Each entry is to be printed again word for word.

(Stored records)
^^^^

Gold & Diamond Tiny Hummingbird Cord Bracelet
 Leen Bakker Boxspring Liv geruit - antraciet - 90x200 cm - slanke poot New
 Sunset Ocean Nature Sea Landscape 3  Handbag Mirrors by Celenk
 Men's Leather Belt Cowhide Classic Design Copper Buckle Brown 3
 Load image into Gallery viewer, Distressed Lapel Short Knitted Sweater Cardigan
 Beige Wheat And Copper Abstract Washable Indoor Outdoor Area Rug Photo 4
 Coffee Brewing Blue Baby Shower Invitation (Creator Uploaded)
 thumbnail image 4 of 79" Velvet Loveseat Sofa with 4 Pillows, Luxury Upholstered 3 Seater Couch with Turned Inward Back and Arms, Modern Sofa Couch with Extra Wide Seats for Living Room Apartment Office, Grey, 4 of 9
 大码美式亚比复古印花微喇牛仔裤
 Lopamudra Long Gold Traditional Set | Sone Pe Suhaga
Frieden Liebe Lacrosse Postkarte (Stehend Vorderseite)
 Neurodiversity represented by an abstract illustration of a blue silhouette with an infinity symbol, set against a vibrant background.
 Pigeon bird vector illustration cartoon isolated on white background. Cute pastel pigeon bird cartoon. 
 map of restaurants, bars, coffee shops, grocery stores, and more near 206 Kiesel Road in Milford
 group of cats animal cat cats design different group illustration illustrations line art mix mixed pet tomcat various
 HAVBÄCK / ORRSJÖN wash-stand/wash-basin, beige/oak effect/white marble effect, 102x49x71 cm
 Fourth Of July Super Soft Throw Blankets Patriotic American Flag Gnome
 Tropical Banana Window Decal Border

^^^^

> _Solution_:
Gold & Diamond Tiny Hummingbird Cord Bracelet
 Leen Bakker Boxspring Liv geruit - antraciet - 90x200 cm - slanke poot New
 Sunset Ocean Nature Sea Landscape 3  Handbag Mirrors by Celenk
 Men's Leather Belt Cowhide Classic Design Copper Buckle Brown 3
 Load image into Gallery viewer, Distressed Lapel Short Knitted Sweater Cardigan
 Beige Wheat And Copper Abstract Washable Indoor Outdoor Area Rug Photo 4
 Coffee Brewing Blue Baby Shower Invitation (Creator Uploaded)
 thumbnail image 4 of 79" Velvet Loveseat Sofa with 4 Pillows, Luxury Upholstered 3 Seater Couch with Turned Inward Back and Arms, Modern Sofa Couch with Extra Wide Seats for Living Room Apartment Office, Grey, 4 of 9
 大码美式亚比复古印花微喇牛仔裤
 Lopamudra Long Gold Traditional Set | Sone Pe Suhaga
Frieden Liebe Lacrosse Postkarte (Stehend Vorderseite)
 Neurodiversity represented by an abstract illustration of a blue silhouette with an infinity symbol, set against a vibrant background.
 Pigeon bird vector illustration cartoon isolated on white background. Cute pastel pigeon bird cartoon. 
 map of restaurants, bars, coffee shops, grocery stores, and more near 206 Kiesel Road in Milford
 group of cats animal cat cats design different group illustration illustrations line art mix mixed pet tomcat various
 HAVBÄCK / ORRSJÖN wash-stand/wash-basin, beige/oak effect/white marble effect, 102x49x71 cm
 Fourth Of July Super Soft Throw Blankets Patriotic American Flag Gnome
 Tropical Banana Window Decal Border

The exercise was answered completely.